SharePointによるECMソリューション

 SharePointが提供するソリューションは、アーキテクチャの図を見ると理解しやすい。

ECMアーキテクチャ

 SharePointでは、基盤サービスとして、ワークフローをはじめ、メタデータやポリシーなど、ドキュメント管理のために必要な要素をすべて統括的に吸収し、ドキュメントを自在に整理することができる。その上で、SharePointは、ECMコンポーネントとして4つの管理領域を持ち、それらは有機的に結びつけている。そうした体制を整えた上で、Officeアプリケーションと連動しながら、ユーザーに対して、使いやすい仕事環境を提供しているのだ。

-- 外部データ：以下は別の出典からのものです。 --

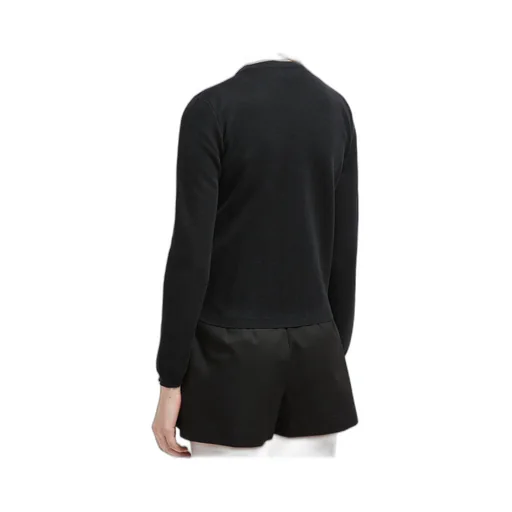 Embroidered Logo Button-Up Cardigan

 では、ユーザーに提供されるECMソリューションの特徴を見てみよう。まずは、ユーザーがいままで通りに文書作成作業を行っているだけで、その延長線上で自動的に情報が管理されることになるという点である。そして、SharePointだけでもある程度の権限設定などは行えるが、それをさらに徹底させるには、Active DirectoryやIRMと連動させることが望ましい。そうすることにより、ドキュメントの管理のみならず、網羅的な管理とセキュリティの設定を施せることになる。さらに、そうした体制が確立されれば、今度は、それを戦略的に利用することも可能になってくる。単に「管理をする」という考え方ではなく、「管理されたドキュメントだからこそ、再利用などが容易に行える」という、「攻めの思考」に取り組めるのだ。